I know that the I-DesignR CE will work with the cutter and the Funtime will not support the CE. What other rhinestone software under $350 will support the CE ?


----------



## allhamps (Mar 15, 2007)

*Re: Rhinestone software for the CE 5000-60*

Check the threads here for the FunTime 2010/WinPC Sign. There are lots of cutters supported by at least the WinPC sign version I believe.


----------



## baddjun1 (Aug 5, 2009)

Although it is $399, above the ceiling you quoted, ACS Design Studio is worthy of consideration. It comes with more features than IDesignR. Klic-N-Kut.com: ACS Design Studiohttp://www.scrapbookdiecutter.com/mm5/merchant.mvc


----------



## Twanabee (Sep 14, 2009)

Teach....that looks good as far as features go. I will have to look at it a little more. Do you (or anyone else on here) ues it ? Let me know some reviews.


----------



## allhamps (Mar 15, 2007)

There's a very extensive thread here on the forum about the ACS products, both by those that use them and those that sell them. Do a quick search and it should come up.


----------



## plan b (Feb 21, 2007)

Funtime pro supports the ce-5000-40 driver in it and if I am not mistaken the ce5000-60 driver should be the same..


----------



## ashamutt (Feb 22, 2008)

Twanabee said:


> I know that the I-DesignR CE will work with the cutter and the Funtime will not support the CE. What other rhinestone software under $350 will support the CE ?


 
My Graphtec CE-5000 *60 *works fine with the FuntimeDeluxe 2010 software.


----------



## BML Builder (Jul 8, 2008)

Here are a few different threads that tell you more about the ACS software. I have the ACS software and so do a lot of other people on the forum. It is a good software and does work well with several cutters.
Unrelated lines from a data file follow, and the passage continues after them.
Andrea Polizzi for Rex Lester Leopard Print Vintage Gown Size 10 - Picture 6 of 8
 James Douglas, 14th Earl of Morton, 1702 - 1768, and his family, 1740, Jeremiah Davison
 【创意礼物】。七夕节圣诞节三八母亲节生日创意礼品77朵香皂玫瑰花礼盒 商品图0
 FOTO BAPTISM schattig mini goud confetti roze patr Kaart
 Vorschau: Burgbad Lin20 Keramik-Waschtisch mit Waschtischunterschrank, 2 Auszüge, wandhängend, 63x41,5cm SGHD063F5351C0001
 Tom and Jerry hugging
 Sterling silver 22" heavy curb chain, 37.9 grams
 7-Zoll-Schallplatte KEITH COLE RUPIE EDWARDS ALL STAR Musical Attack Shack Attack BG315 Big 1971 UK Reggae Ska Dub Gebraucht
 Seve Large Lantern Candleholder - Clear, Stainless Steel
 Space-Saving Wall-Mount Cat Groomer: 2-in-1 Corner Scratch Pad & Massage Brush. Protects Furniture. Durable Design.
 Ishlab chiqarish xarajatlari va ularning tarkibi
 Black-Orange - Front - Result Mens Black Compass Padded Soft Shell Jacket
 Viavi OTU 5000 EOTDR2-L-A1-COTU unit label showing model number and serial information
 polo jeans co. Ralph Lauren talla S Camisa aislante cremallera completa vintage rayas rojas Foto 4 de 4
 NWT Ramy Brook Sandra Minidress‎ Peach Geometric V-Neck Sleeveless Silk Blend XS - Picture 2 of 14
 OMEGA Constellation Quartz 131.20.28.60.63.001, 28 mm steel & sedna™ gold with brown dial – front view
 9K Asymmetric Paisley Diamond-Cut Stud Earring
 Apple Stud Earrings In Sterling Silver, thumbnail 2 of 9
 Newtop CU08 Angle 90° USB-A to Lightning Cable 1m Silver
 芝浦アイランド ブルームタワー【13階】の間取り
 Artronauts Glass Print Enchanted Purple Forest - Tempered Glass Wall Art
Funtime is another good software and there are several different users that use it also. I do believe that the Funtime software is more limited on the different cutters that it has drivers for but the same company makes the winpcsign software that is a little bit more expensive but has more drivers for more cutters. Hope these help.

ACS software and what it can do
http://www.t-shirtforums.com/rhinestone-decoration/t105195.html

ACS and KNK softwares and the differences
http://www.t-shirtforums.com/rhinestone-decoration/t93093.html

Videos for ACS software
http://www.t-shirtforums.com/rhinestone-decoration/t119512.html


----------



## SandyMcC (Jul 23, 2009)

After reorganizing my site, those links are no longer valid. Here's a single link to view the various videos for rhinestone designing and rhinestone simulations:

Rhinestone Designing in KNK and ACS Studio


----------



## wwpro (Apr 9, 2009)

I JUST bought Funtime Deluxe PRO, few minutes ago. Is the most affordable solution I've found to design templates, and I have a Graphtec CE3000-60 which is not supported in theory, but I don't care since I plan to design on Funtime and export to flexi and cut from there.

It works even better if you have in mind to upgrade your cutter in the future and have no idea what you're gonna get. With that I mean it should be used as a standalone design software, and you should cut with your everyday cutting software. Hope it makes sense 

EDIT: Here's the place with the best price I've found http://www.rhinestonedesignz.com/Software/RA-00001-Funtime-Deluxe-Pro-2010.html


----------